Tables in Hive 1 and 2 vs. Hive 3
Ownership, specifying the location of Hive tables, and the default location of Hive tables have changed in Hive 3. You gain an understanding of some restrictions and limitations of Hive 3 in CDP under default configurations. You need to understand how this change impacts your workflow.
In Hive 1 and 2, the owner of a managed table data is the table itself. If you drop the table
you drop the data. In Hive 3, the system user hive
typically owns the managed table
data. Exceptions include Hive 3 Streaming in which the streaming user owns the data. Hive performs compaction of the files. Deltas and the data location is controlled by Hive.

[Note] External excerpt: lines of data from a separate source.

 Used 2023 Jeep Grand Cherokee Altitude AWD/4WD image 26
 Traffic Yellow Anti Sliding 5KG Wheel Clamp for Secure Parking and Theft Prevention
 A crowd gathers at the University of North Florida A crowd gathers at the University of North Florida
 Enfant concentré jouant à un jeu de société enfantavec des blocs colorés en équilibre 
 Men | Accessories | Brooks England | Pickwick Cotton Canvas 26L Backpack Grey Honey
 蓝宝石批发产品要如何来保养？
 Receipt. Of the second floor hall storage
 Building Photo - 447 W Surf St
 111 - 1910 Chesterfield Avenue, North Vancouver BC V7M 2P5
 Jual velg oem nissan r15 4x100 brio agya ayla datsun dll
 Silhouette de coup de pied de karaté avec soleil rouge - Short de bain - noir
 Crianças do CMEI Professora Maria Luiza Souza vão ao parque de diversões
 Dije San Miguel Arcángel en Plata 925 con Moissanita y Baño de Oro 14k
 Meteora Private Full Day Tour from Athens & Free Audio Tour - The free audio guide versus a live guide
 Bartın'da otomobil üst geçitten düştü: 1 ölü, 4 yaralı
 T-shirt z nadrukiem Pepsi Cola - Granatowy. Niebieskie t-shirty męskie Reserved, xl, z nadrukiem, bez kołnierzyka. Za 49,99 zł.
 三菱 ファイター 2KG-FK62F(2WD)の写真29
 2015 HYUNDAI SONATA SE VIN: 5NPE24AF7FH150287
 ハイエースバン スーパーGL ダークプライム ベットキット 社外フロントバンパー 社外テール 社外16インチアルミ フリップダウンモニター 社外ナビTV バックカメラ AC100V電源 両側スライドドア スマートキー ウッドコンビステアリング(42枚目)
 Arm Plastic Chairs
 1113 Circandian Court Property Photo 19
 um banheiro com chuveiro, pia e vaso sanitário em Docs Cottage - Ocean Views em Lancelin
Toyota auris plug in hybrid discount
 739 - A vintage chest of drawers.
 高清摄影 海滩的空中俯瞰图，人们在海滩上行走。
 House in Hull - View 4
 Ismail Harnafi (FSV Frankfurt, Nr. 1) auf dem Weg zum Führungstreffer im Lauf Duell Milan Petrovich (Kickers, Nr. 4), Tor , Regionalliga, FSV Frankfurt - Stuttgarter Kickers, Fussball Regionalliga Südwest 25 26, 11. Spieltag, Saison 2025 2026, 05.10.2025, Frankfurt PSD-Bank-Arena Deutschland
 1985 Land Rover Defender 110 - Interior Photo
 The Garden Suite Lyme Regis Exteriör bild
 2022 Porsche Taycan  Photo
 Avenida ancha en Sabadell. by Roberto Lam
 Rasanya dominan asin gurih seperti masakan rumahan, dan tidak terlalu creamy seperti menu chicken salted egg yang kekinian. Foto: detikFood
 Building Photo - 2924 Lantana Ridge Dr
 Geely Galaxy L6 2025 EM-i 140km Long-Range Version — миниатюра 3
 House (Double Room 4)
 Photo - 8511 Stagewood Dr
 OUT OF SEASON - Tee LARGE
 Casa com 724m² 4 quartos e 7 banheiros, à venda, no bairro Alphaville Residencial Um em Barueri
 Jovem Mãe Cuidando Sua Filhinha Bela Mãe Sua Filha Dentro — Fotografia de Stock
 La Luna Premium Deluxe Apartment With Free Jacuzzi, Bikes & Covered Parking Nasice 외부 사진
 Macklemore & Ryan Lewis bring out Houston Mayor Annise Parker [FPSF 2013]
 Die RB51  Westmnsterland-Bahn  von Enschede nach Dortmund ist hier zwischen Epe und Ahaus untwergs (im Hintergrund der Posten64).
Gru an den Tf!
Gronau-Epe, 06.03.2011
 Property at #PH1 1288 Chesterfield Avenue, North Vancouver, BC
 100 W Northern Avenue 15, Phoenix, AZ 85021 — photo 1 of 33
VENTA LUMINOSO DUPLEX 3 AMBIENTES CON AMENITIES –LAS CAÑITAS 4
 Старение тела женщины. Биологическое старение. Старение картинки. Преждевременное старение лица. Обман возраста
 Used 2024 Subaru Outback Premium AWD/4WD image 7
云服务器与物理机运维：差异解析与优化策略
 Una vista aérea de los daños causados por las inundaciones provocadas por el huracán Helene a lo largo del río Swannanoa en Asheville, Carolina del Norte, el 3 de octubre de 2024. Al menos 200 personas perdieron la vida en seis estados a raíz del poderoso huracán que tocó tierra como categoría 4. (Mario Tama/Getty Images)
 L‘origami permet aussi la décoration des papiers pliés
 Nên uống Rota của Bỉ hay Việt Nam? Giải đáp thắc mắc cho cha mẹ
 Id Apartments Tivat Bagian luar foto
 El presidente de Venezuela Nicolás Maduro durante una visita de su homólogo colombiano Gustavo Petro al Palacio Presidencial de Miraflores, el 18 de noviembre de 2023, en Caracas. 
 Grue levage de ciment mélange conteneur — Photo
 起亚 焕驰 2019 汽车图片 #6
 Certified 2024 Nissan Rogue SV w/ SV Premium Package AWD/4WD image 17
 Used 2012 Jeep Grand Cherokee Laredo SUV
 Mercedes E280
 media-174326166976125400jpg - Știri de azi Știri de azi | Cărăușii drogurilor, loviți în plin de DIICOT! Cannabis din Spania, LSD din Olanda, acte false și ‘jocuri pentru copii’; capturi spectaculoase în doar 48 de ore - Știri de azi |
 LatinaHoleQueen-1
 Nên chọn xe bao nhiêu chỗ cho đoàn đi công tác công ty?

In the default Hive 3 in CDP, you typically cannot specify a location in a CREATE TABLE statement. Hive finds the location of the table location by first looking in the metastore default warehouse directory, the managed warehouse directory. The default location of Hive tables has changed in Hive 3. The managed warehouse is the default location of ACID files. There is also a location in the warehouse for external files. You can change a Hive property to change the warehouse directory, and if your HiveServer (HS2) is connected to the Hive metastore (HMS), the new locations take effect. You can change the location of managed tables and the location of external tables for a specific database. New tables created in that database use the new location.
In Hive 3, all managed tables are transactional (ACID). There is a tight relationship between the metadata and data. Hive keeps track of file system changes as well as metastore changes to satisify features, such as column masking for fine-grained access restrictions.